Er wusste sofort, zu wem es gehörte.
„Ich habe es ziemlich präzise herausgerissen, man hat es bei der Leiche kaum gesehen, nicht wahr?", fragte Illumi, nachdem er keine direkte Reaktion bei Feitan hatte wahrnehmen können.
Feitan wollte auch gar nicht reagieren, in dem er etwas sagte. Er wollte einfach nur töten.
Nichts als das. Vielleicht war es schlimmer, als bei Chrollo.
Da war auch etwas an ihm, etwas Furchterregendes.
Feitans Herz bebte.
Etwas brodelte in ihm wie in einem Vulkan.
Phinks kam näher, er hatte ein paar Soldaten, die ihn daran hindern wollten, abgeschüttelt.
Bis die nächsten da waren, hatte er bestimmt noch eine Minute.
„Verdammte scheiße, was ist dein Problem?!", brüllte er Illumi an.
Er kochte vor Wut.
Der Anblick von Shalnarks Herzen bohrte sich in ihn.
„Ganz einfach. Das macht es mir einfacher, euch zu besiegen", erklärte Illumi ganz trocken.
„Bist du dir da sicher?", hörte er jedoch auf einmal eine Stimme in seinem Nacken.
Feitan hatte so schnell angegriffen, dass man gar nicht gesehen hatte, wie er von der Stelle, auf der er gestanden hatte, verschwunden war.
Doch Illumi durfte man nicht unterschätzen.
Er konterte den Angriff einfach, fing das Schwert mit seinen Nadeln ab.
Aber das Furchterregende an Feitan verschwand nicht. Warum versuchte er dann bloß solch schwache Angriffe?
Währenddessen stürmte auch Phinks auf Illumi zu.
Er kurbelte beim Rennen seinen Arm und wollte damit Illumi zur Strecke bringen.

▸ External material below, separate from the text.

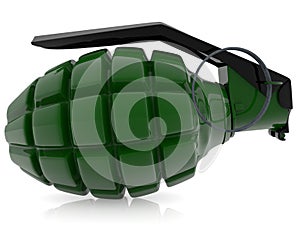 Green hand grenade on white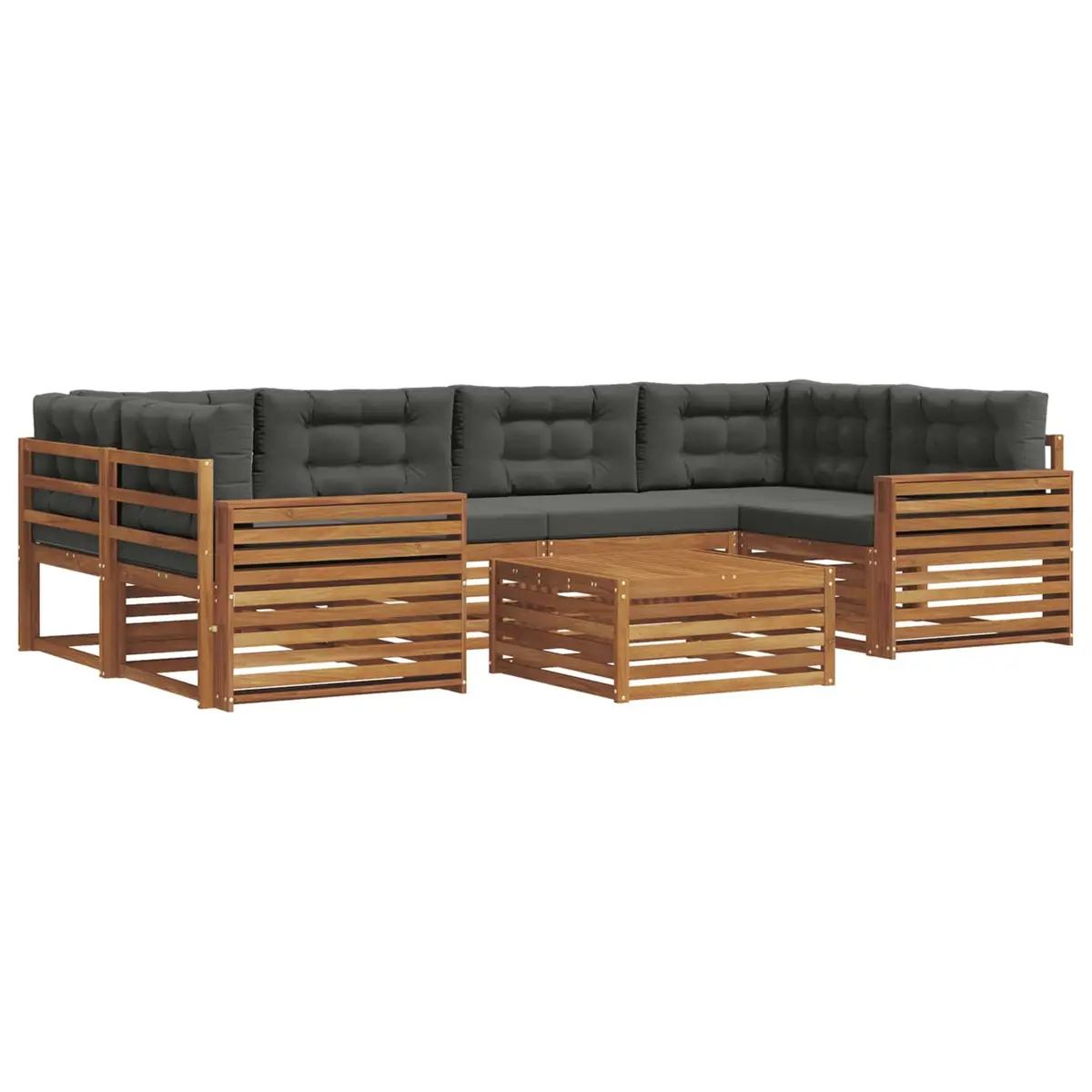 Outdoor Sofa Set 7 Piece Garden Furniture Natural Anthracite Acacia Wood Lounge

Doch Illumi wich einfach aus.
„Misch dich nicht in meinen Kampf ein, wenn du sowieso schon halb tot bist", meinte Illumi kühl und verpasste Phinks einen schmerzhafzen Tritt in den Bauch.
Phinks wich zurück.
Illumi hatte Recht. Diese Soldaten hatten ihm schwere Wunden zugefügt.
Es waren eben zu viele. Und sie waren stärker, durch Illumis Nadeln.
Mit 100 hätte er noch fertig werden können, aber es waren doppelt, vielleicht dreifach so viele.
Phinks atmete schwer, Blut lief ihm aus verschiedensten Wunden und aus seinem Mund.
Lange könnte das nicht mehr so gehen.
Es waren wahrscheinlich noch etwa 100 Soldaten übrig.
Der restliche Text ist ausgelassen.